Technology

Snowden decries ‘culture of immunity’ for law-breakers

President Obama’s willingness to stand behind spy leaders even as they lie to Congress will define his legacy, according to Edward Snowden.

In a wide-ranging interview with The Nation published Monday, the government leaker said that Americans should be disgraced at Obama’s continuation of the Bush administration’s unquestioned support for intelligence officials.

{mosads}“The surveillance revelations are critically important because they revealed that our rights are being redefined in secret, by secret courts that were never intended to have that role. … However, as important as that is, I don’t think it is the most important thing,” he told the magazine.

“I think it is the fact that the director of national intelligence gave a false statement to Congress under oath, which is a felony,” he said, referring to Director of National Intelligence James Clapper, who denied to Congress that the U.S. government was collecting information about millions of Americans.

Later, documents ilegally leaked by Snowden showed that the National Security Agency (NSA) was collecting virtually all Americans’ phone records as well as many Internet communications.

Clapper has since said that he responded in the “least untruthful” manner possible, but has yet to be formally reprimanded for the statement.

Snowden, who is living in Russia and facing criminal charges in the United States that could put him in jail for decades, said Clapper and other officials should be punished for their actions.

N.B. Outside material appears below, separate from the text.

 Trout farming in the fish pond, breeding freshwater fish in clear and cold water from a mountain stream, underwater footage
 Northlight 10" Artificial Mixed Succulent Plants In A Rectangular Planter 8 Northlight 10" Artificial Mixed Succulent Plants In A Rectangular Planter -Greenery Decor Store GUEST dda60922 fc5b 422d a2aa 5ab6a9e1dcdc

“If we allow our officials to knowingly break the law publicly and face no consequences, we’re instituting a culture of immunity, and this is what I think historically will actually be considered the biggest disappointment of the Obama administration,” Snowden said.

“I don’t think it’s going to be related to social or economic policies; it’s going to be the fact that he said let’s go forward, not backward, in regard to the violations of law that occurred under the Bush administration.”

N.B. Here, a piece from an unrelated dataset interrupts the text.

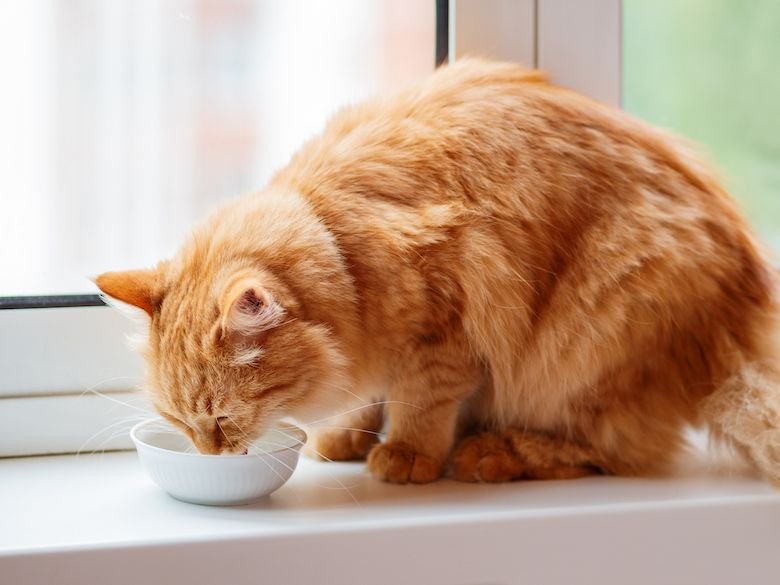 A cat eating from a bowl of fresh food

The former government contractor has long portrayed the leaking of government documents as an act of patriotism, and says he’s disappointed that Congress hasn’t taken stronger action to curb the NSA.

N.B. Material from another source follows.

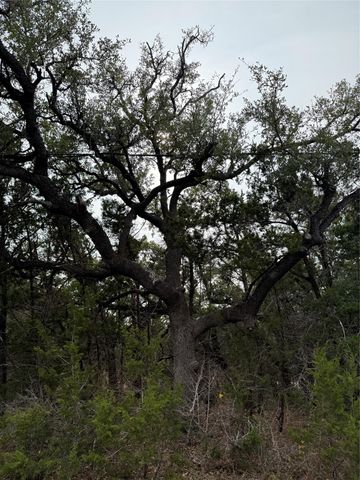 TBD Lot 1 Pump Station RD, Wimberley, TX 78676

“In the United States, there hasn’t been much legislative change on the surveillance issue, although there are some tepid proposals,” he said.

One prominent proposal, The USA Freedom Act, would end the NSA’s bulk collection of Americans’ phone records, among other measures. However, it does not touch many of the programs unveiled by Snowden, such as the “backdoor” snooping on Americans through a law designed to target foreigners.

“In the United States, we’ve got this big debate, but we’ve got official paralysis — because they’re the ones who had their hand caught most deeply in the cookie jar,” Snowden said.